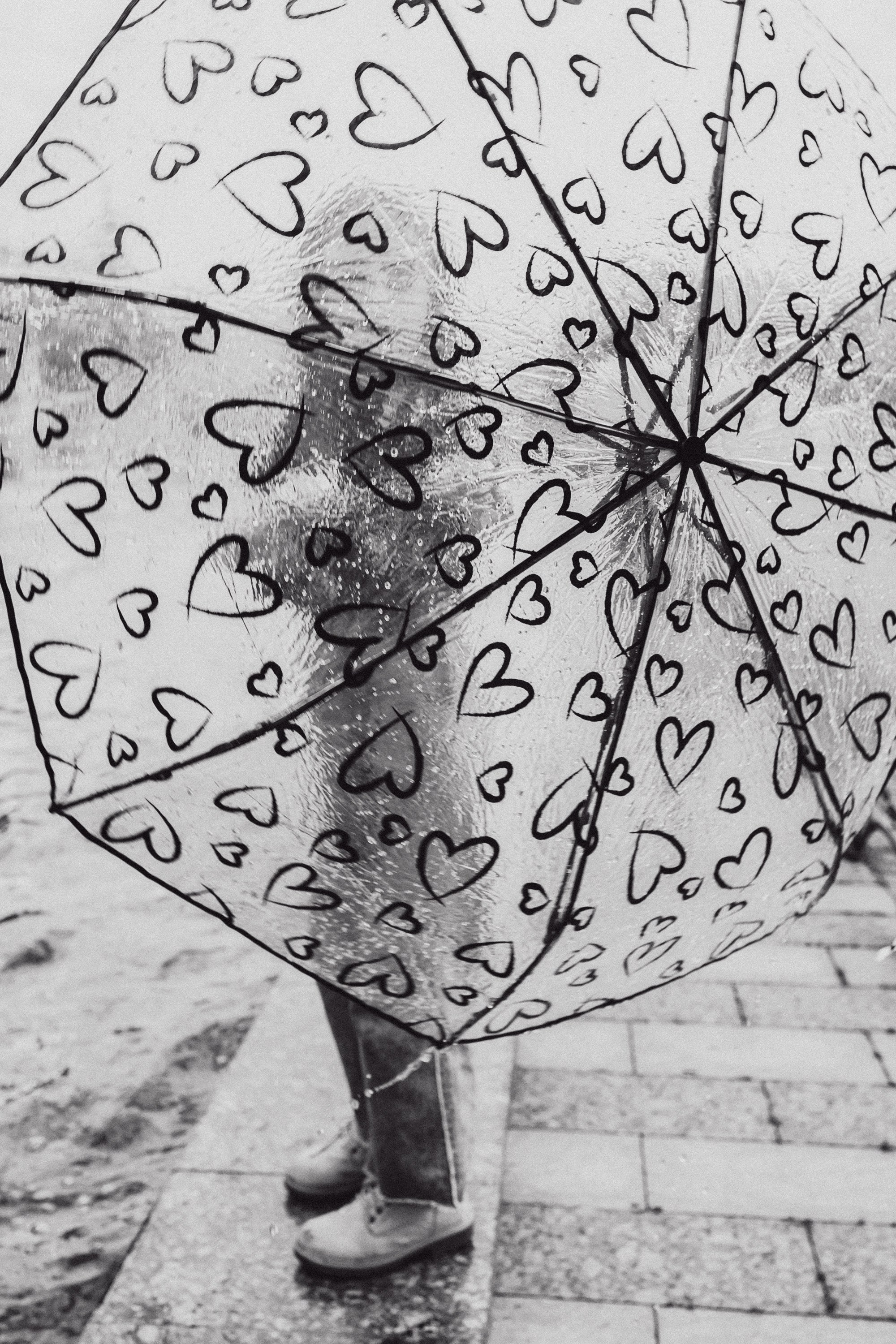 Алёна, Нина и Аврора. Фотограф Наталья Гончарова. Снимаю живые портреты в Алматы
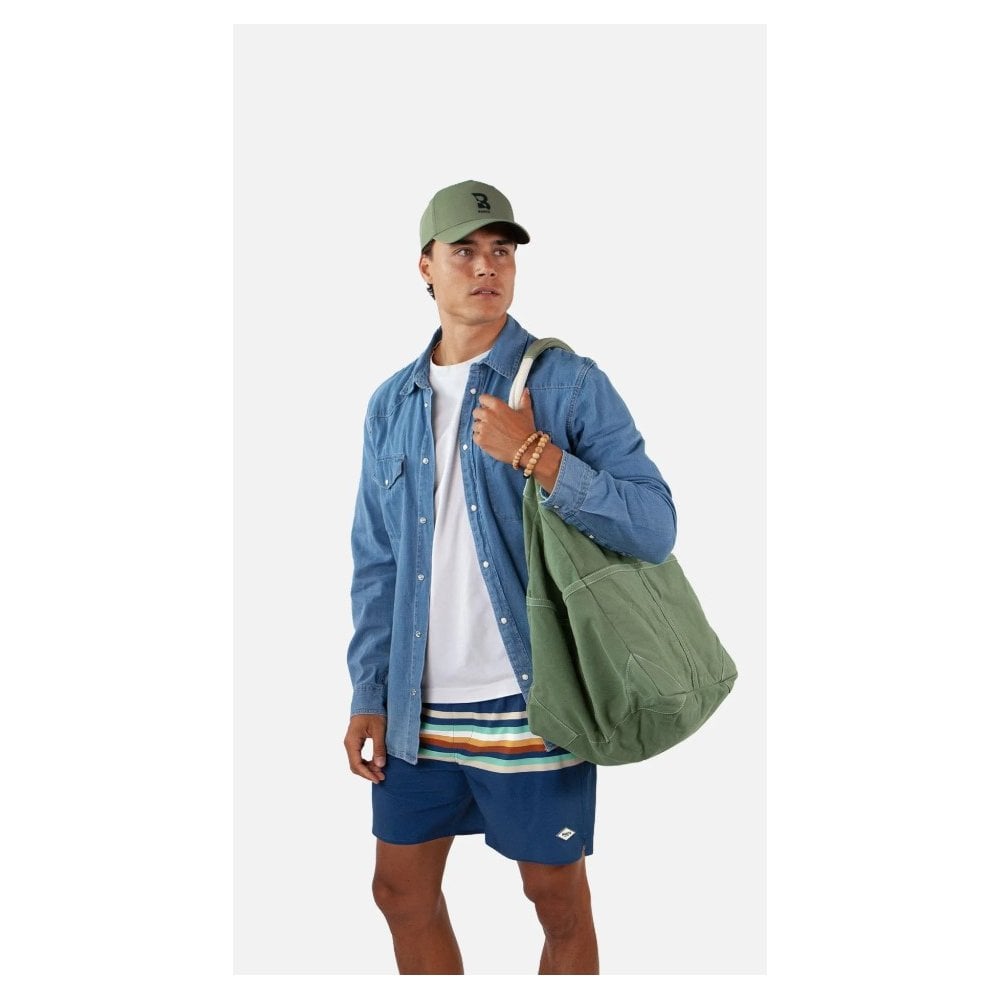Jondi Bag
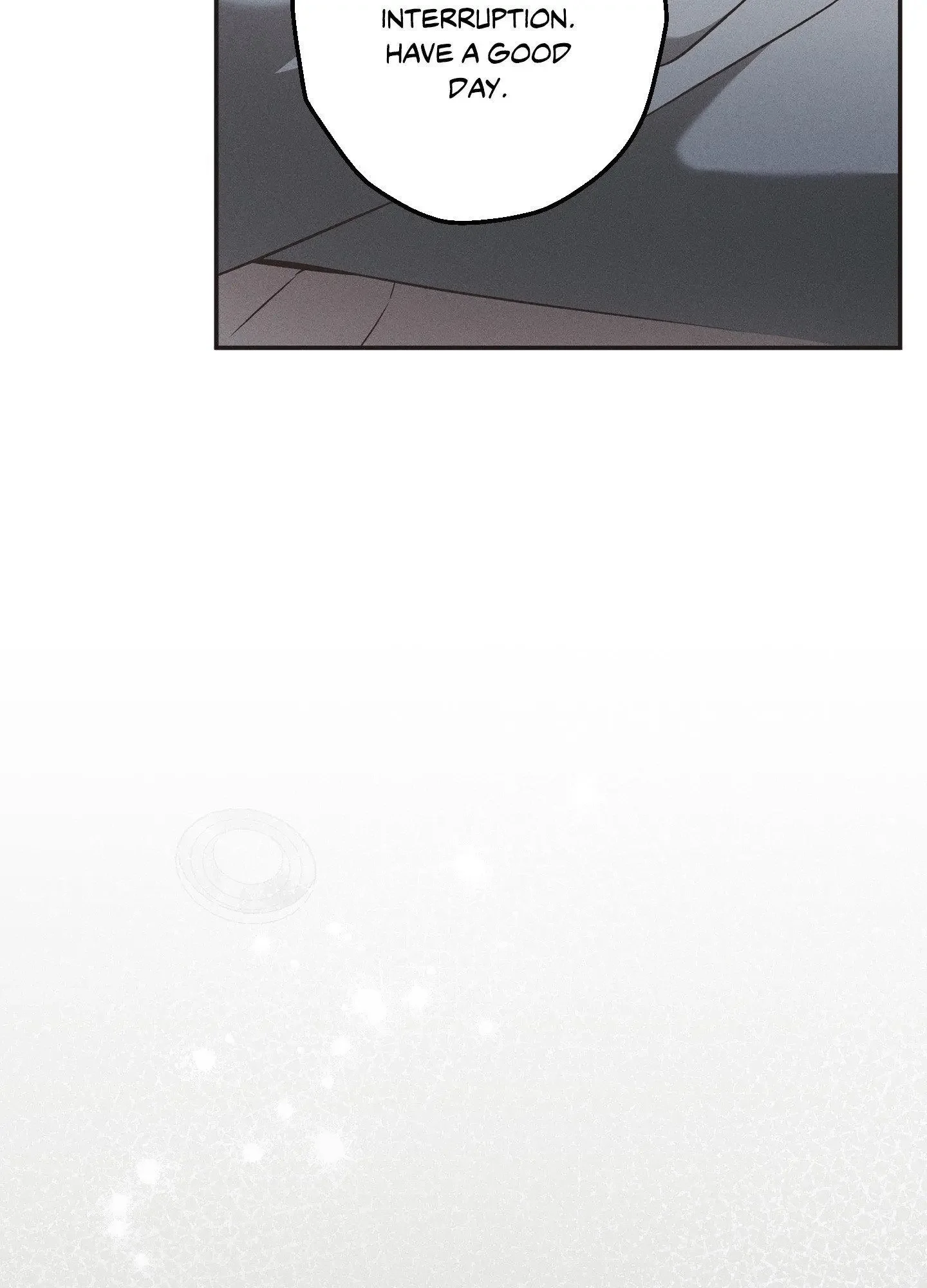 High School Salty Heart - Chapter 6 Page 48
==================================================
> Assignment
Any images must be dropped; all other material is to be printed exactly.

> Response below
 Алёна, Нина и Аврора. Фотограф Наталья Гончарова. Снимаю живые портреты в Алматы
Jondi Bag
 High School Salty Heart - Chapter 6 Page 48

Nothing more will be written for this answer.